■ WHAT THE TASK ASKS: Locate the line that contains "In position with" in the entries below, then repeat it and every following line through the line that contains "I'm going to try the", exactly, and no others.

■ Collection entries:
○ ○ ○ ○

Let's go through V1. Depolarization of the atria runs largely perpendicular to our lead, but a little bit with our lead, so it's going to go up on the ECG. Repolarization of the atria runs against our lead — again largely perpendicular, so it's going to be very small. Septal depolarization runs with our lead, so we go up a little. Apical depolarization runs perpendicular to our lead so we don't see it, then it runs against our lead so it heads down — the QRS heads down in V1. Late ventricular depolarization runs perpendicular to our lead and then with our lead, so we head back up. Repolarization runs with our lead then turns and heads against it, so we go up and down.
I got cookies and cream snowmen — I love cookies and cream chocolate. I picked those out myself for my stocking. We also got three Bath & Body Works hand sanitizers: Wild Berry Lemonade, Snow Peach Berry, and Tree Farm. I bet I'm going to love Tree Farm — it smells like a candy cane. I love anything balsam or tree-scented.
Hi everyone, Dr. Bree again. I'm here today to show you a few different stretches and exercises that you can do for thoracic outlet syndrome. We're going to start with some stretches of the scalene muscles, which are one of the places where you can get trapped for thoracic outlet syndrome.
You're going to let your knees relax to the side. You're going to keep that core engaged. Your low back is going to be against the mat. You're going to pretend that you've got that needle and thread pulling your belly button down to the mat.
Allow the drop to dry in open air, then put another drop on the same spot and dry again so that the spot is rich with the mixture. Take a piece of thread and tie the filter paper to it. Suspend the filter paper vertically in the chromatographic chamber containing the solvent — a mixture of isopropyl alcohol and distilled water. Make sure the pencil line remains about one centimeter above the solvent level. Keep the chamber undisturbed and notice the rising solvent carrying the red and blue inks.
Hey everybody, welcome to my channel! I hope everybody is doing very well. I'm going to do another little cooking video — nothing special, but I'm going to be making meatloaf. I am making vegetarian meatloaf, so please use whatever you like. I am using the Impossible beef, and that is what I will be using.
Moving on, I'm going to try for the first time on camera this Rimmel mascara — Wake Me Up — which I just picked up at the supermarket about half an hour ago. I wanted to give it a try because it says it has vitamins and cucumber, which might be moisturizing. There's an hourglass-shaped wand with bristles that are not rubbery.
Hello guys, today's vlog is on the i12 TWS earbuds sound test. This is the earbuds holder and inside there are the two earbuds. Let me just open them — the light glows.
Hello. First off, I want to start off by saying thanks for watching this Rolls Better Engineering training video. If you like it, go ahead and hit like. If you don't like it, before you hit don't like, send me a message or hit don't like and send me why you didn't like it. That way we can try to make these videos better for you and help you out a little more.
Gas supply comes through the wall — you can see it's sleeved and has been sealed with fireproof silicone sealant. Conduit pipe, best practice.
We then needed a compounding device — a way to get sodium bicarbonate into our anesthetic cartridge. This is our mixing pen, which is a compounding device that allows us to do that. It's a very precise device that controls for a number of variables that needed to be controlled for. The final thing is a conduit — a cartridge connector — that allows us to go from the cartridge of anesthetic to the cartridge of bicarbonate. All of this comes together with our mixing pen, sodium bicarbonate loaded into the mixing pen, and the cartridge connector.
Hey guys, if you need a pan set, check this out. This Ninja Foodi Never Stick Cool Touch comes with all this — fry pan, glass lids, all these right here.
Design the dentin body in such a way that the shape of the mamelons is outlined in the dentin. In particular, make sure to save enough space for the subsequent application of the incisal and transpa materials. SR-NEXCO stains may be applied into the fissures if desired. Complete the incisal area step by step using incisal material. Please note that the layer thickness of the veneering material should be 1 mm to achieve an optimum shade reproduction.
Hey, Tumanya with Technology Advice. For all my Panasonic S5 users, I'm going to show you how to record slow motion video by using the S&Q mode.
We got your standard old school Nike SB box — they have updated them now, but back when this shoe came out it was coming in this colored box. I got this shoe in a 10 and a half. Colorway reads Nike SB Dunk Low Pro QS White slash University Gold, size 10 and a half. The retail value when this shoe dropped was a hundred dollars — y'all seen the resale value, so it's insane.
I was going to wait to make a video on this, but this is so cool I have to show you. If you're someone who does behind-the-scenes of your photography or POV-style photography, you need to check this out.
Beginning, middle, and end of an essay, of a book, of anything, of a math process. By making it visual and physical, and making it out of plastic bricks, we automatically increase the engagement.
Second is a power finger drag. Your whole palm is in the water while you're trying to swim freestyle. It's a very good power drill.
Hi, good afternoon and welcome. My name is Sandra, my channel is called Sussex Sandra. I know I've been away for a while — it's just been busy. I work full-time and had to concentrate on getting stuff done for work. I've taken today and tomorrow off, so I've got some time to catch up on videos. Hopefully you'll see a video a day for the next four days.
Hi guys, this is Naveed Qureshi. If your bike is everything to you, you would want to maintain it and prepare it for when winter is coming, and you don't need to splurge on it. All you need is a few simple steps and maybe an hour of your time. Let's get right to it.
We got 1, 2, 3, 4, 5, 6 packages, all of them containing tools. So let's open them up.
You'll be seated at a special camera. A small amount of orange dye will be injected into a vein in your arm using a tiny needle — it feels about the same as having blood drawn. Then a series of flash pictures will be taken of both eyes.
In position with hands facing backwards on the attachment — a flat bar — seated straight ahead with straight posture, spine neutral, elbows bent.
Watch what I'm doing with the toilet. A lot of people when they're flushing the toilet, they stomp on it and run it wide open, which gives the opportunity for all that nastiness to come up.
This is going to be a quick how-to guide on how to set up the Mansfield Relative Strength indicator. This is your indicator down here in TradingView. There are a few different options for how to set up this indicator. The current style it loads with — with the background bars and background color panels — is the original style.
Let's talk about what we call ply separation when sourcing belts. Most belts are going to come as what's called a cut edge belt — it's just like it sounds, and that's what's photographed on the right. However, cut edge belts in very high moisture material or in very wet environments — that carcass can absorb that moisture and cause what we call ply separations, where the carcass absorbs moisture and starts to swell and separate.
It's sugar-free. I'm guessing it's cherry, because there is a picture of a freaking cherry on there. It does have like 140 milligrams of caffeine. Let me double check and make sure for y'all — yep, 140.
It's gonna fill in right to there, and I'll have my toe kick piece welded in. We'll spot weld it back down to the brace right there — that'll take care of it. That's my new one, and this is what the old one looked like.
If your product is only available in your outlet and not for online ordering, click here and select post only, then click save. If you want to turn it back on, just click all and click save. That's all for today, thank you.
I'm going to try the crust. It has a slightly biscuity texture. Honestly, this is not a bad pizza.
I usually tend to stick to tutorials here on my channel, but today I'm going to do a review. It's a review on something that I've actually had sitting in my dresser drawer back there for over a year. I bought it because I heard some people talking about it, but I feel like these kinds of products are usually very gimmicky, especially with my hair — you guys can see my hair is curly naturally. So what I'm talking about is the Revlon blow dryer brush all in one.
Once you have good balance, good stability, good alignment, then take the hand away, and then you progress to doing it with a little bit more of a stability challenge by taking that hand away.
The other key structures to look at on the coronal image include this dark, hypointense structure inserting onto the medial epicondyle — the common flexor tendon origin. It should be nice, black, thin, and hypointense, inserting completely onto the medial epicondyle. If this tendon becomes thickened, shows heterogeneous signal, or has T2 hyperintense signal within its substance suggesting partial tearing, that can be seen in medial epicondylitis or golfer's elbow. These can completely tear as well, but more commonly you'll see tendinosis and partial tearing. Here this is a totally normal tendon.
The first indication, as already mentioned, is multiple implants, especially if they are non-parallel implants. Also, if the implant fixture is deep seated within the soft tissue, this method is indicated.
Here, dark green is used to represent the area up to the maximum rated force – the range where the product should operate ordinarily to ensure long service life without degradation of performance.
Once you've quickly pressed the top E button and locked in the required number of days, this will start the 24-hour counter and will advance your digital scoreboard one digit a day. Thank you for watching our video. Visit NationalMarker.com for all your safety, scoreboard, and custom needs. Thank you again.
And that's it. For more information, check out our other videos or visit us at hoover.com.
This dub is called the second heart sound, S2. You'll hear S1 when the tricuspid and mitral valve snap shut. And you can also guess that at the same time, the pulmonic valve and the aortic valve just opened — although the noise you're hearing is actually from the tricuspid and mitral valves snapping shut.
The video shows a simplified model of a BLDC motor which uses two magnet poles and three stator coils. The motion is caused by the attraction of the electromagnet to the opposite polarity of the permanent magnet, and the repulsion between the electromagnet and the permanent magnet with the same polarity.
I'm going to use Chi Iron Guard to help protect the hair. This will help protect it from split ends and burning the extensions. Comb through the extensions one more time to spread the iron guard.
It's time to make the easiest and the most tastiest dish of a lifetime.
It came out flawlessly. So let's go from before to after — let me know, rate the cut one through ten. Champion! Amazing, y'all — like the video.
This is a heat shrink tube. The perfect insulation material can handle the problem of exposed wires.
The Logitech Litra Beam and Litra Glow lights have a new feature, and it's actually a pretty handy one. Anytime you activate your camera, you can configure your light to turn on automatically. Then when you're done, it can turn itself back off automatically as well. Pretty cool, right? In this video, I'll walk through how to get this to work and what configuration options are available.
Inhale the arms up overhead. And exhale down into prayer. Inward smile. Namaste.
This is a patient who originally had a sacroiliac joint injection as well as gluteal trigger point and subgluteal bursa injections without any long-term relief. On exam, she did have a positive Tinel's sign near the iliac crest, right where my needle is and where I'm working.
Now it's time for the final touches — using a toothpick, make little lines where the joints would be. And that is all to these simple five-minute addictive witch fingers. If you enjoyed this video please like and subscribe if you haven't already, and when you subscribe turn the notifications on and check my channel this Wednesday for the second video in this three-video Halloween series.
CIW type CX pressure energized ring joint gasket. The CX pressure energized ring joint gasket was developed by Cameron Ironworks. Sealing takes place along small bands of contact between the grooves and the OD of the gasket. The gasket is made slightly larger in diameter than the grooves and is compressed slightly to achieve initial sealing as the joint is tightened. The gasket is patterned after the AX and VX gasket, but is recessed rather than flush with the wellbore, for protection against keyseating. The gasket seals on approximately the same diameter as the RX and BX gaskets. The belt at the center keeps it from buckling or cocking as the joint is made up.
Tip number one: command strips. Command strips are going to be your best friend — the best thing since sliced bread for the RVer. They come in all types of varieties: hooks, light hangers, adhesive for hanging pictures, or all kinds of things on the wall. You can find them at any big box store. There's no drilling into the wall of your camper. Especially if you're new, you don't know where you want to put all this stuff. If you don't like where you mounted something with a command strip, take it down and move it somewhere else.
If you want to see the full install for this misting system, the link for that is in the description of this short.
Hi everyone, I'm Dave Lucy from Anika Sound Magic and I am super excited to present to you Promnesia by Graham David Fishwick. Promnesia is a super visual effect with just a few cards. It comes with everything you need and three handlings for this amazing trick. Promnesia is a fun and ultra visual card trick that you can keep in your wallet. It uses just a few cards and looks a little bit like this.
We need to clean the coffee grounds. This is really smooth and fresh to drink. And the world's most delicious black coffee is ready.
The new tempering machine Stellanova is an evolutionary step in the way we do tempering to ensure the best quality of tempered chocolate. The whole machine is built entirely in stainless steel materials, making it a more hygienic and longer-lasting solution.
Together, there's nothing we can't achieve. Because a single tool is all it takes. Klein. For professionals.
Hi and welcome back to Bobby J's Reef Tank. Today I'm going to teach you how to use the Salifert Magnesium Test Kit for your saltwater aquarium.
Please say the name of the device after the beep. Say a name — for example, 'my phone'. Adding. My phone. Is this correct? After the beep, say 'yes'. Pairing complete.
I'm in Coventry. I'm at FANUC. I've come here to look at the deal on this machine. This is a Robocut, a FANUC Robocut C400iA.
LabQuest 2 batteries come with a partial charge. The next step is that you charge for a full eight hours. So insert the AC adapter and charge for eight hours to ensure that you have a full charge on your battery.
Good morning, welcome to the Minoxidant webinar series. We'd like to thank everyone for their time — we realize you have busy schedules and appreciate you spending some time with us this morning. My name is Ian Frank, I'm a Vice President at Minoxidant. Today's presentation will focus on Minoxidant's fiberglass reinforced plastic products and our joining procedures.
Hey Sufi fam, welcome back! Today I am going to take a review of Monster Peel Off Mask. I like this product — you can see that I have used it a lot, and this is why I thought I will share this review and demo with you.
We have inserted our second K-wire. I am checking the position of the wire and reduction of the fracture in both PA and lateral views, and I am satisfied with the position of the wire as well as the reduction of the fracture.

○ ○ ○ ○

■ WRITTEN SOLUTION:
In position with hands facing backwards on the attachment — a flat bar — seated straight ahead with straight posture, spine neutral, elbows bent.
Watch what I'm doing with the toilet. A lot of people when they're flushing the toilet, they stomp on it and run it wide open, which gives the opportunity for all that nastiness to come up.
This is going to be a quick how-to guide on how to set up the Mansfield Relative Strength indicator. This is your indicator down here in TradingView. There are a few different options for how to set up this indicator. The current style it loads with — with the background bars and background color panels — is the original style.
Let's talk about what we call ply separation when sourcing belts. Most belts are going to come as what's called a cut edge belt — it's just like it sounds, and that's what's photographed on the right. However, cut edge belts in very high moisture material or in very wet environments — that carcass can absorb that moisture and cause what we call ply separations, where the carcass absorbs moisture and starts to swell and separate.
It's sugar-free. I'm guessing it's cherry, because there is a picture of a freaking cherry on there. It does have like 140 milligrams of caffeine. Let me double check and make sure for y'all — yep, 140.
It's gonna fill in right to there, and I'll have my toe kick piece welded in. We'll spot weld it back down to the brace right there — that'll take care of it. That's my new one, and this is what the old one looked like.
If your product is only available in your outlet and not for online ordering, click here and select post only, then click save. If you want to turn it back on, just click all and click save. That's all for today, thank you.
I'm going to try the crust. It has a slightly biscuity texture. Honestly, this is not a bad pizza.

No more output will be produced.